Akankah Buruh Lokal Tersingkir di Era MEA?

Jum'at, 29 Mei 2015 | 07:00 WIB
Akankah Buruh Lokal Tersingkir di Era MEA?
Puluhan ribu buruh dari berbagai penjuru kota di Jabodetabek dan sekitarnya melakukan aksi long march menuju Istana Merdeka Jakarta. [suara.com/Kurniawan Mas'ud]
Follow Suara.com untuk mendapatkan informasi terkini. Klik WhatsApp Channel & Google News

Catatan Kementerian Tenaga Kerja, sampai akhir 2014 jumlah tenaga kerja asing (TKA) yang bekerja di Indonesia tercatat 68.762 orang. Rinciannya, TKA dari China mencapai 16.328 orang, Jepang 10.838 orang, dan Korea Selatan 8.172 orang. Sedangkan TKA dari India 4.981 orang, Malaysia 4.022 orang, Amerika Serikat 2.658 orang, Thailand 1.002 orang, Australia 2.664 orang, Filipina 2.670 orang, Inggris 2.227 orang, serta di negara lain sebanyak 13.200 pekerja.

Dalam penelitiannya, Asih - sapaan akrab Indrasari - banyak menemukan tenaga kerja asing tak berdokumen di Indonesia. Contohnya Cina yang berinvestasi di sektor pertambangan, membawa tenaga kerjanya sendiri masuk ke Indonesia, dan mereka tidak bisa berbahasa Indonesia.
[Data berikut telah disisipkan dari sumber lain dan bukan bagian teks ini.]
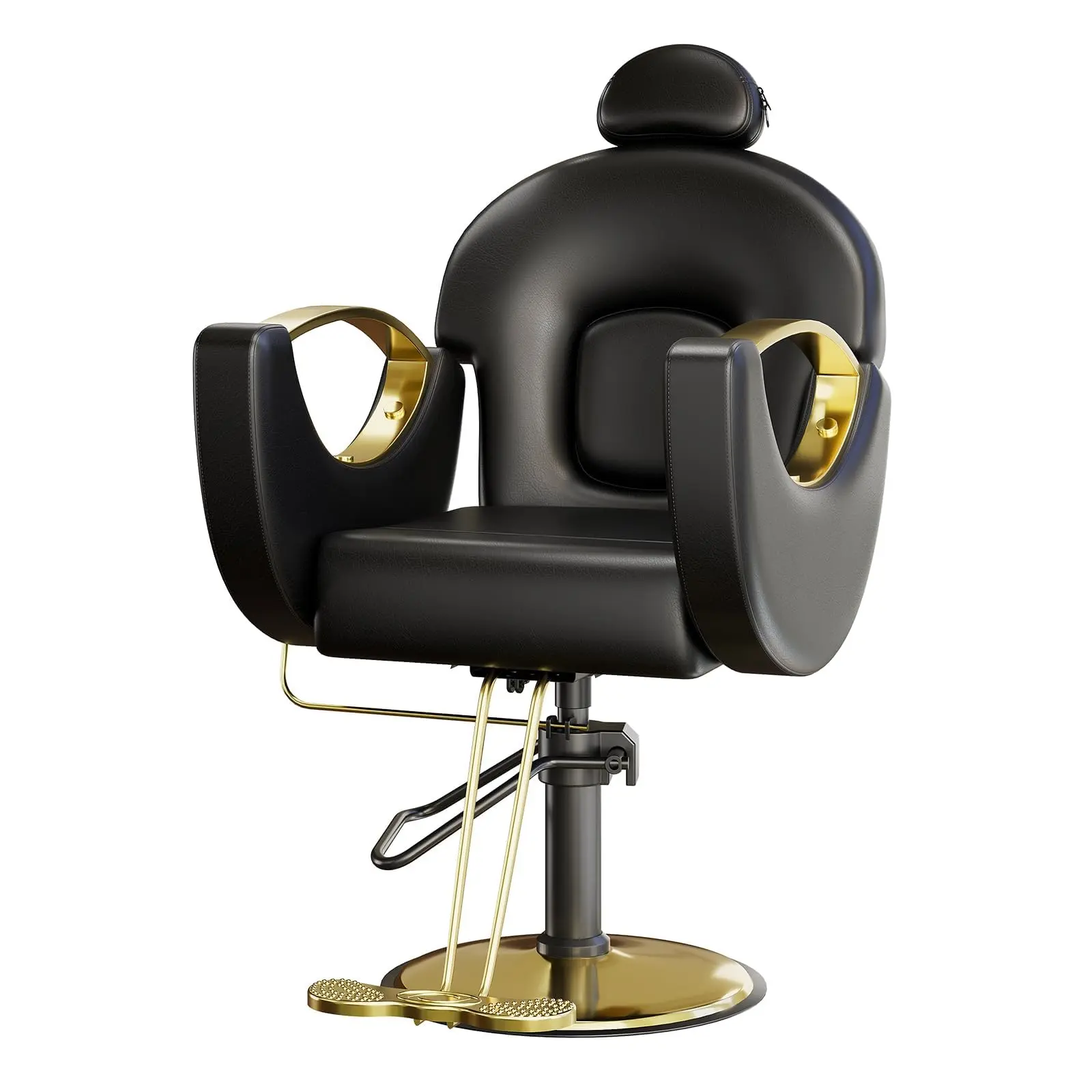 Garvee Reclining Barber Chair, 360° Swivel Hydraulic Styling Chair with Heavy Duty Hydraulic Pump for Hair Stylist Barbershop Home Spa Shampoo, Black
Itu terjadi karena pengawasan pemerintah pusat dan daerah lemah.

Jika pemerintah tidak sanggup mengawasi tenaga kerja asing, bukan tidak mungkin pekerja asing akan berbondong-bondong masuk ke Indonesia tanpa sertifikat keahlian. Bahkan menyasar ke bidang-bidang di luar 8 profesi yang sudah disepakati.

"Pemerintah akan sanggup tidak mengawasi tenaga kerja asing? Nanti jangan-jangan seperti itu," jelas Asih.

Maka itu Asih mengatakan buruh perlu melakukan terobosan baru dalam pergerakan perburuhan. Buruh perlu merangkul pekerja asing yang bekerja di Indonesia. Itu akan menambah 'kekuatan baru'.

Dalam Undang-Undang 21 Tahun 2000 Tentang Serikat Pekerja/Serikat Buruh tidak disebutkan larangan buruh asing masuk keanggotaan SP. Di pasal 12 UU itu tertulis Serikat pekerja/serikat buruh, federasi dan konfederasi serikat pekerja/serikat buruh harus terbuka untuk menerima anggota tanpa membedakan aliran politik, agama, suku agama, dan jenis kelamin. UU itu hanya melarang pekerja menjadi anggota lebih dari satu serikat pekerja di perusahaan.

Hanya saja, menurut Asih - sapaan akrab Indrasari - UU itu perlu direvisi. Sebab peraturan yang sama harus berlaku di negara lain. Semisal buruh Indonesia yang bekerja di Thailand bisa atau tak bisa bergabung dengan serikat pekerja di sana.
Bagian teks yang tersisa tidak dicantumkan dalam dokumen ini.